-- PROVIDED RECORDS follows --

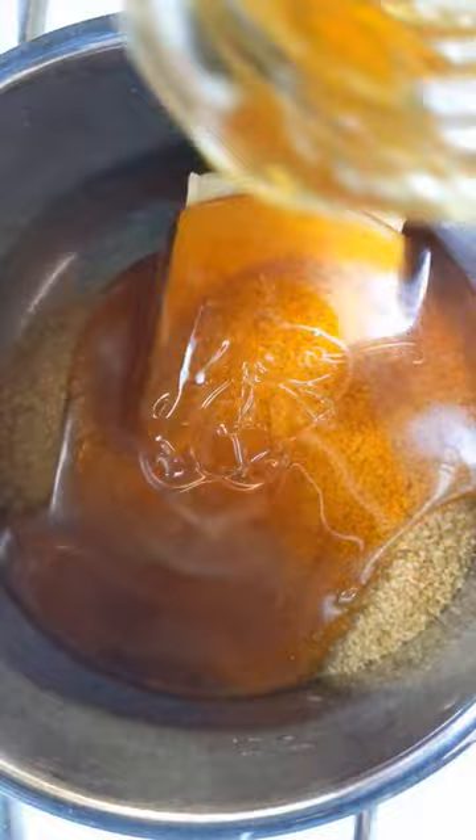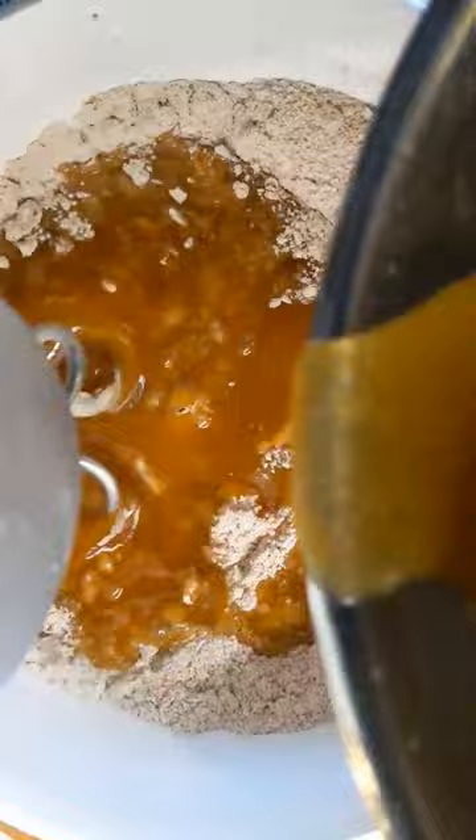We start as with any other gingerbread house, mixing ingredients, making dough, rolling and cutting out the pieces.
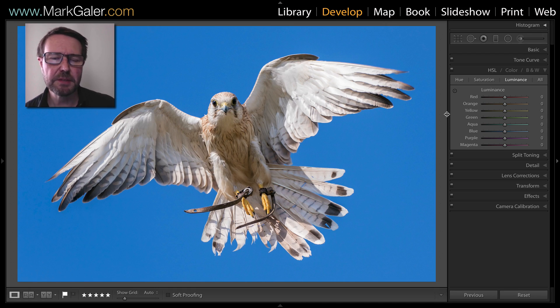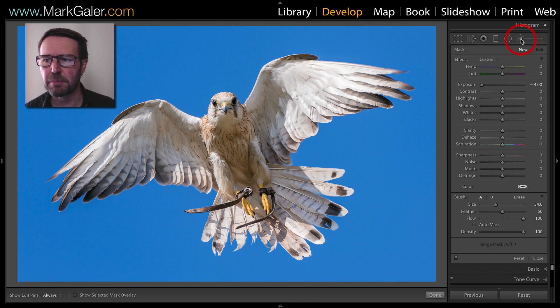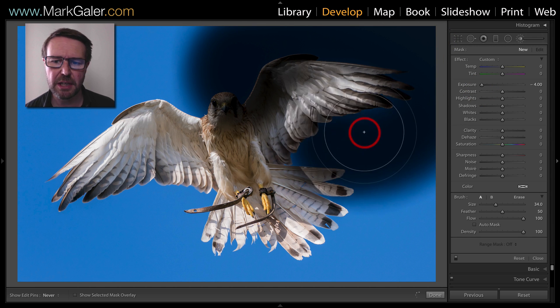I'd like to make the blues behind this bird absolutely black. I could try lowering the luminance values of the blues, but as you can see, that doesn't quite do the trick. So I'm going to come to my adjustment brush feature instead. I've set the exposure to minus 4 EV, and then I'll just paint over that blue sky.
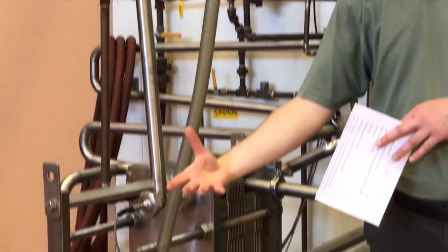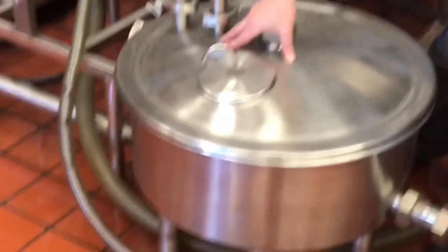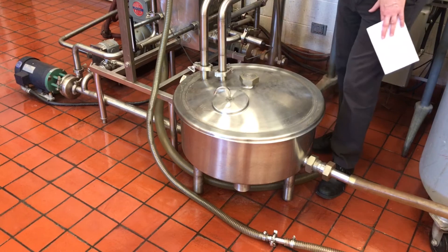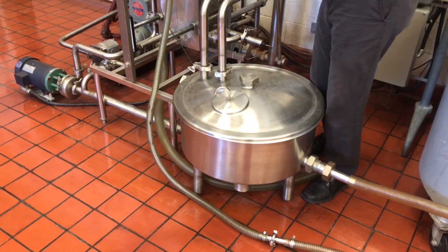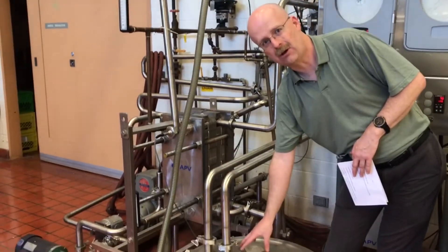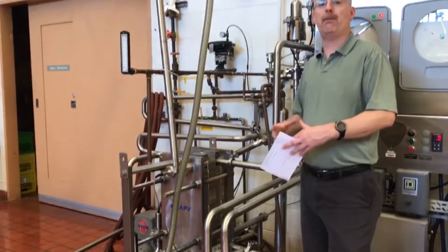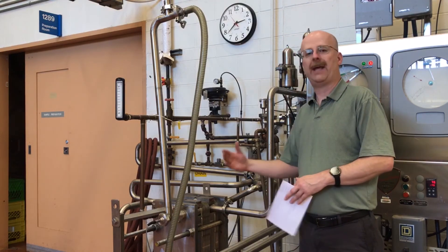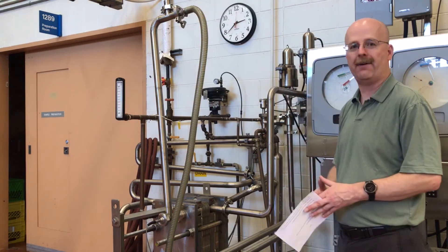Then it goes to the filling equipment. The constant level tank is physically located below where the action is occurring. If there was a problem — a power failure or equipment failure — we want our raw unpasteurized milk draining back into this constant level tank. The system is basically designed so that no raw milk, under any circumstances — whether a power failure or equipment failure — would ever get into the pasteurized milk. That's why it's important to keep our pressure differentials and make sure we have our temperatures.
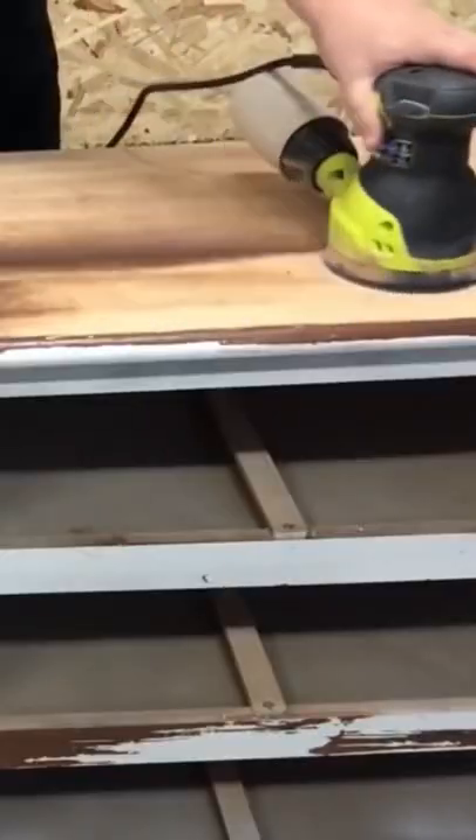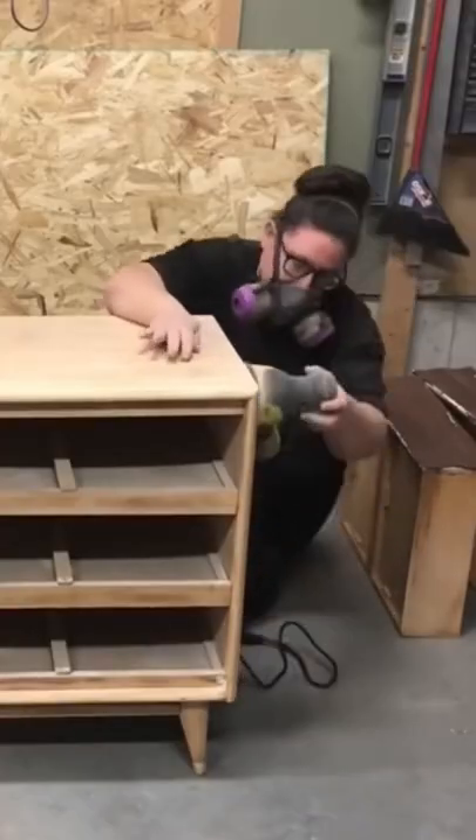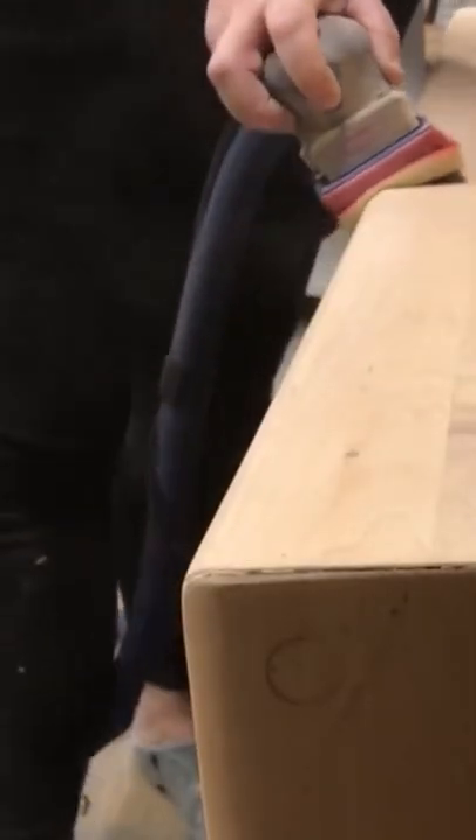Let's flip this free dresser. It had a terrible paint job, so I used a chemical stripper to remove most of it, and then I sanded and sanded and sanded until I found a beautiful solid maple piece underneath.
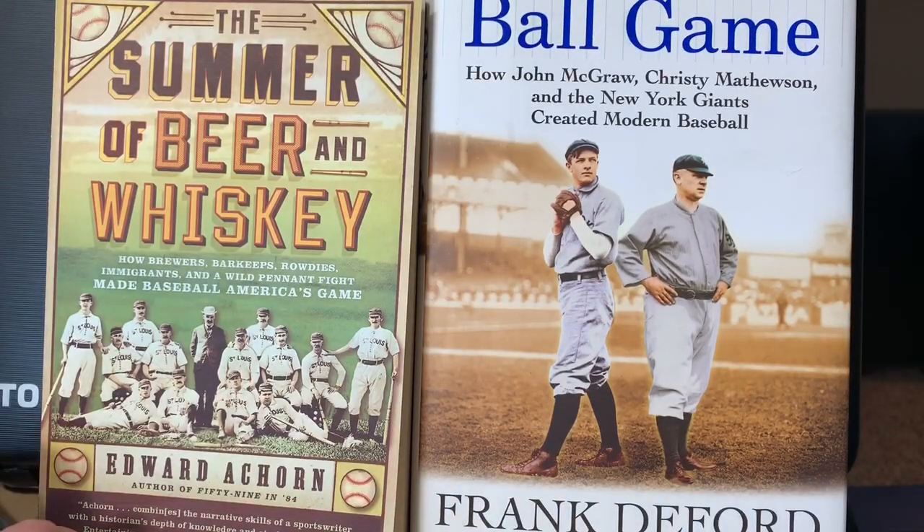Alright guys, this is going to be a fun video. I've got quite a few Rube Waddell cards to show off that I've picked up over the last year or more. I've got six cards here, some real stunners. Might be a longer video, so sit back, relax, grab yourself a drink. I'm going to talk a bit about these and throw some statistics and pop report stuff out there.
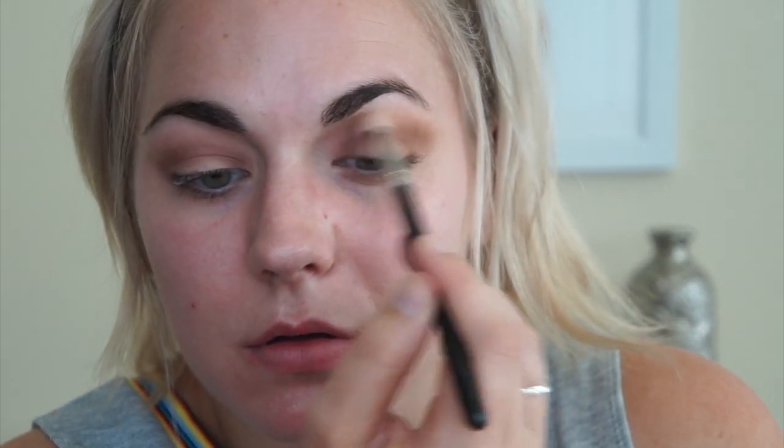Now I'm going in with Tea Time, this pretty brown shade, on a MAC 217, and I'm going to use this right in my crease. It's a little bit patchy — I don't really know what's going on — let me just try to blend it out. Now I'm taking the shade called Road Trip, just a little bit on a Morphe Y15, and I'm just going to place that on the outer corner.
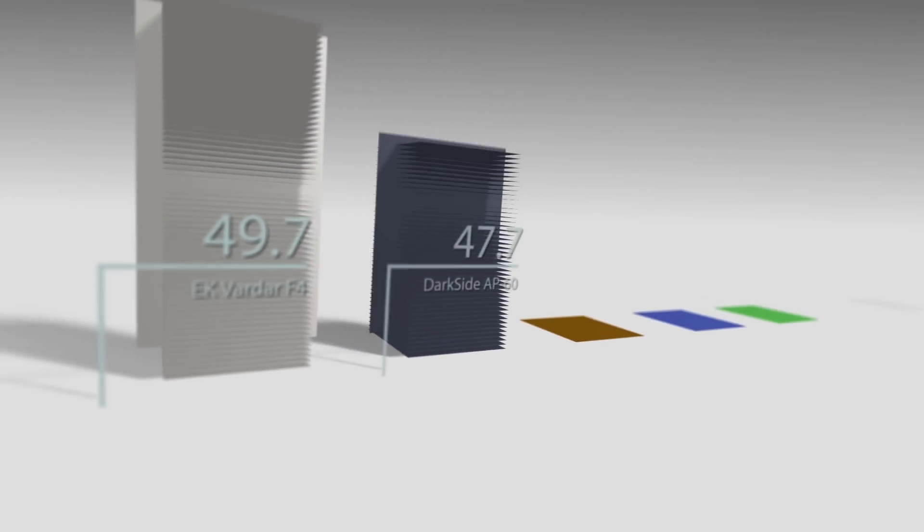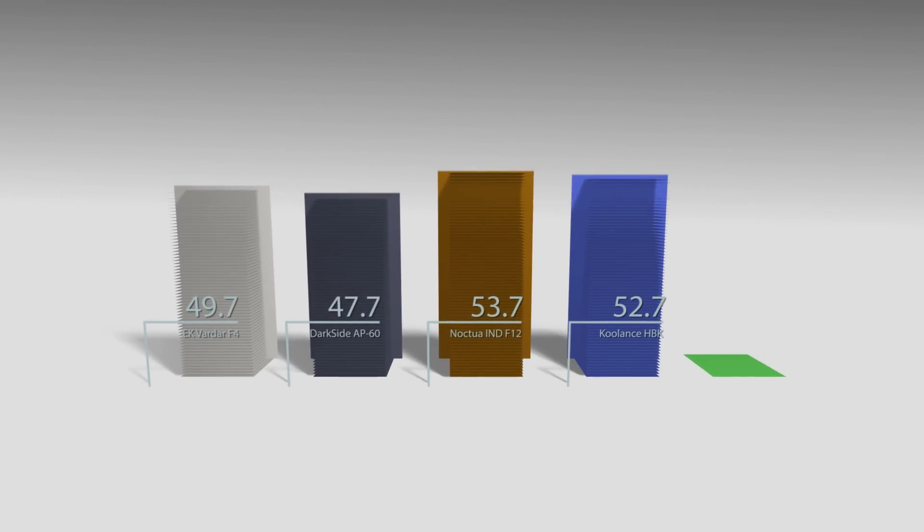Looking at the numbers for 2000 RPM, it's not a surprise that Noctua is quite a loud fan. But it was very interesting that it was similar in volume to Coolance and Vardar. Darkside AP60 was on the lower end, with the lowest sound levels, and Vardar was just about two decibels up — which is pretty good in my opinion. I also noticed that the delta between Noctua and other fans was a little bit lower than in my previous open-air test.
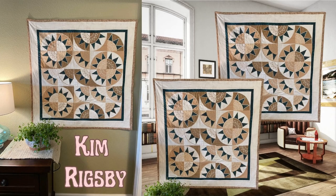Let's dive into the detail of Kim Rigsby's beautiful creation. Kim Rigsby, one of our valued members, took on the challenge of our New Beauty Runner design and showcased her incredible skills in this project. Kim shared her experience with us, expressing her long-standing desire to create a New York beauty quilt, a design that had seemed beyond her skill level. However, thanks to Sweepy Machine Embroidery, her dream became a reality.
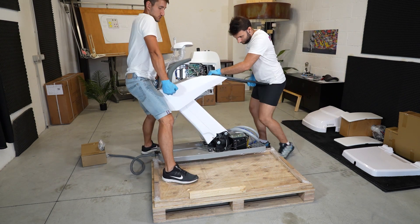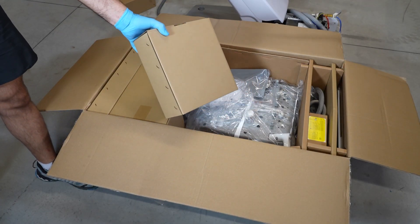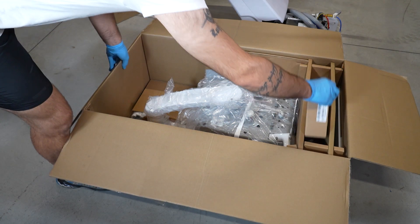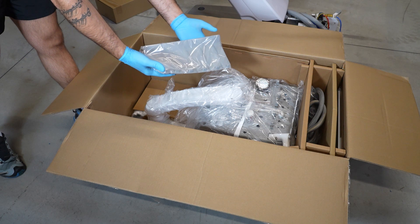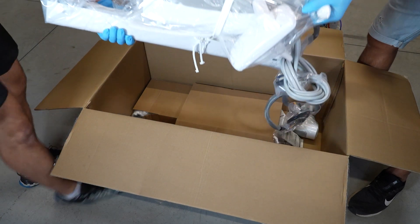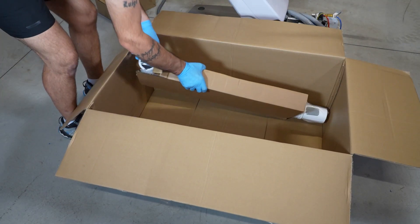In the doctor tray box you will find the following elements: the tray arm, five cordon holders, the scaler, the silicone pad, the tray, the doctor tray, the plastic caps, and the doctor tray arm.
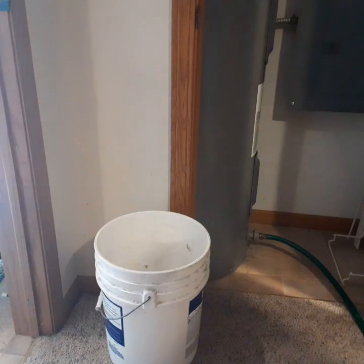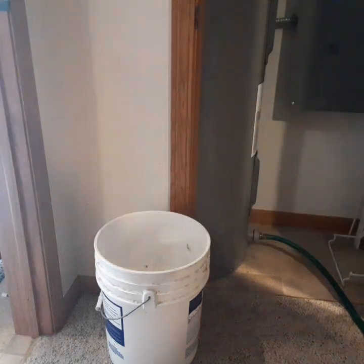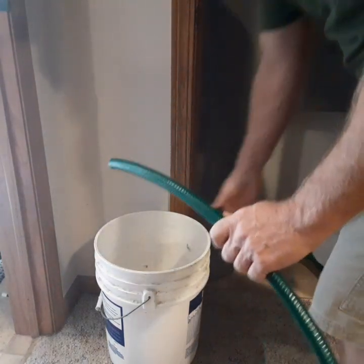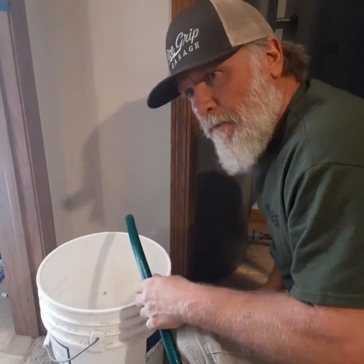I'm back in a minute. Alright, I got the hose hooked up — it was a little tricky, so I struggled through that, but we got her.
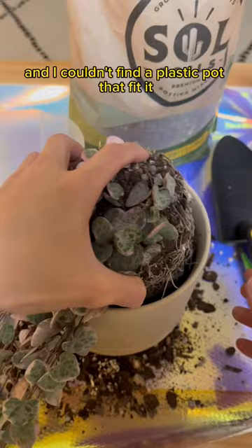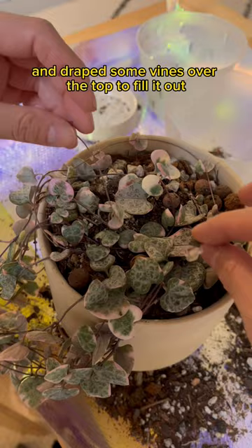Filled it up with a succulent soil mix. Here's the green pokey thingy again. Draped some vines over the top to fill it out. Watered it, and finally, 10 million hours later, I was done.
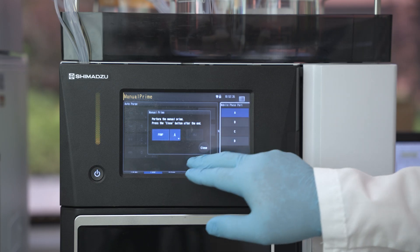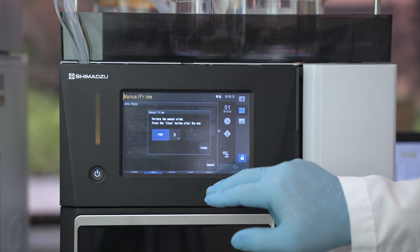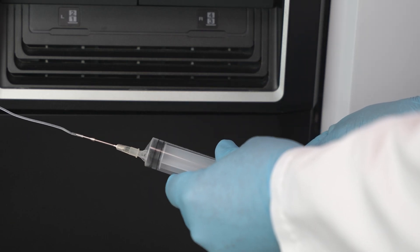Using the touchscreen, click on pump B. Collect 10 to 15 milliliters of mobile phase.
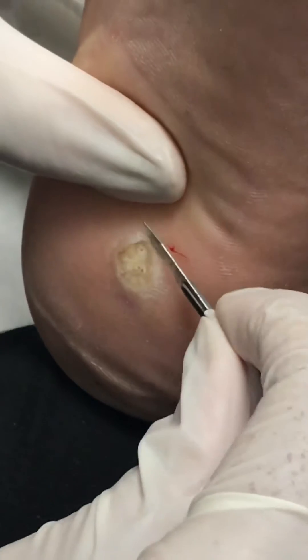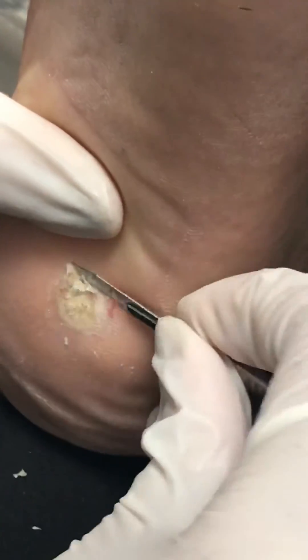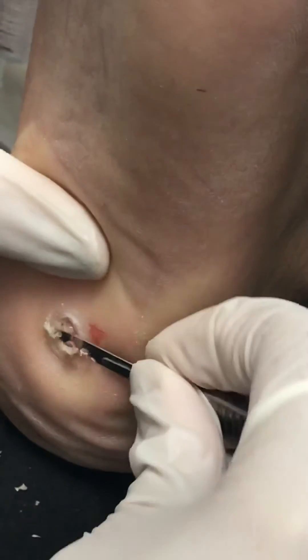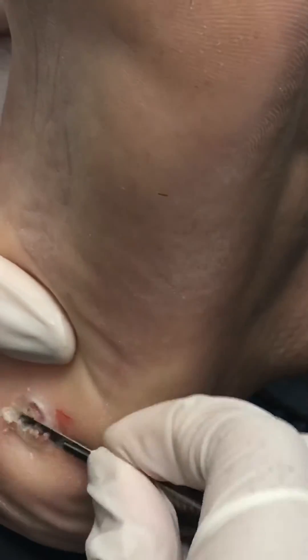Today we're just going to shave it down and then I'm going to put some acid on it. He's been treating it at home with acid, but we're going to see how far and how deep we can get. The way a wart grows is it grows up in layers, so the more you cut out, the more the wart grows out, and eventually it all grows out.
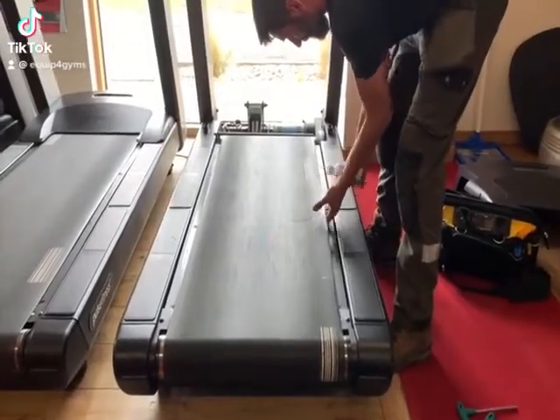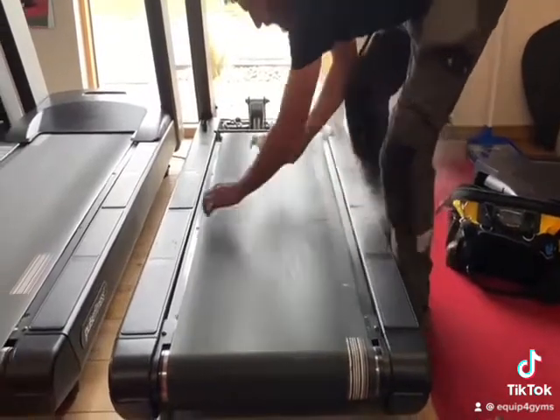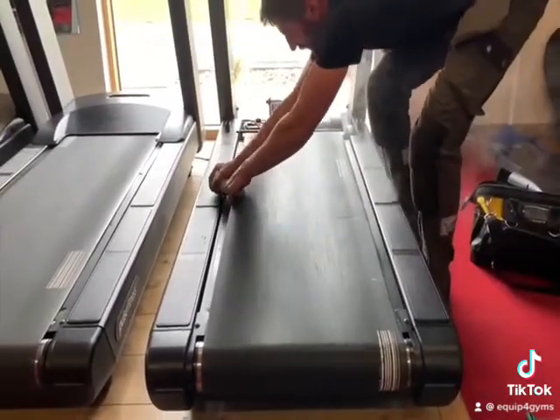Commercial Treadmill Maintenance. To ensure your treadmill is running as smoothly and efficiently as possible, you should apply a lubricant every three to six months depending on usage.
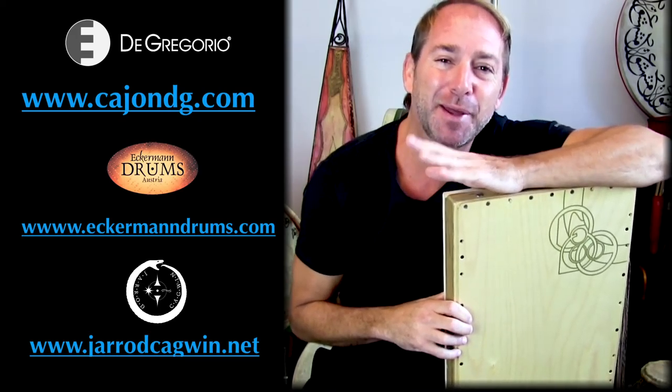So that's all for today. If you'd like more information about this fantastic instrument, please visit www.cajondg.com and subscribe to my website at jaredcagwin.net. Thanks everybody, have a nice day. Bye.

-- PROVIDED RECORDS concluded --

* [YOUR GOAL]:
In the listing above, find the line with "Let's flip this" and the line with "Now I'm going". Copy exactly those two and every line between, without the pictures.

* [SOLVED PROBLEM]:
Let's flip this free dresser. It had a terrible paint job, so I used a chemical stripper to remove most of it, and then I sanded and sanded and sanded until I found a beautiful solid maple piece underneath.
Alright guys, this is going to be a fun video. I've got quite a few Rube Waddell cards to show off that I've picked up over the last year or more. I've got six cards here, some real stunners. Might be a longer video, so sit back, relax, grab yourself a drink. I'm going to talk a bit about these and throw some statistics and pop report stuff out there.
Now I'm going in with Tea Time, this pretty brown shade, on a MAC 217, and I'm going to use this right in my crease. It's a little bit patchy — I don't really know what's going on — let me just try to blend it out. Now I'm taking the shade called Road Trip, just a little bit on a Morphe Y15, and I'm just going to place that on the outer corner.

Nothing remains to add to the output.